American baseball player (1933–2025)

William George Kern (February 28, 1933 – October 19, 2025) was an American Major League Baseball outfielder. After nine seasons in minor league baseball, Kern had an eight-game trial with the Kansas City Athletics during the season. He had signed with the team in 1954, when they were still based in Philadelphia. Kern attended Muhlenberg College, graduating in 1954.

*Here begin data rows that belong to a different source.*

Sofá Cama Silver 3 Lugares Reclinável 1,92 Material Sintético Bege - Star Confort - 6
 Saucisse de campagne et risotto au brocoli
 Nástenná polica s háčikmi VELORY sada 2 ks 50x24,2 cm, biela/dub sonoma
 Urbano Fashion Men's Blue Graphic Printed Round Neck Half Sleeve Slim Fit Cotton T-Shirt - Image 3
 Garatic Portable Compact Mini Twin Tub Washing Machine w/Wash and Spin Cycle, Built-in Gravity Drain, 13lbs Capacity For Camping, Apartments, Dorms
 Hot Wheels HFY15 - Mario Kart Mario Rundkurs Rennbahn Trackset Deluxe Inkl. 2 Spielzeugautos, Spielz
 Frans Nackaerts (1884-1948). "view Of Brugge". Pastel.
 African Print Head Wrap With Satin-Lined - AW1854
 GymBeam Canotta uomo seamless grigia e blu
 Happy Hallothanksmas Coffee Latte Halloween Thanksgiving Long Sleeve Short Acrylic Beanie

Kern threw and batted right-handed, stood 6 ft 2 in tall and weighed 184 lb. He batted over .300 four times and hit 144 home runs during his minor-league career. In September 1962, at age 29, he was recalled by the Athletics after he batted .315 with 27 home runs and 97 runs batted in for the Triple-A Portland Beavers. Kern appeared in eight games played, batting 16 times with four hits. In his first MLB game, he pinch hit for Moe Drabowsky and singled off Dick Donovan of the Cleveland Indians. In his final MLB game, as the A's starting left fielder, he hit his lone Major League home run off future Baseball Hall of Fame pitcher (and United States Senator) Jim Bunning, then with the Detroit Tigers.

Kern died in Bethlehem, Pennsylvania on October 19, 2025, at the age of 92.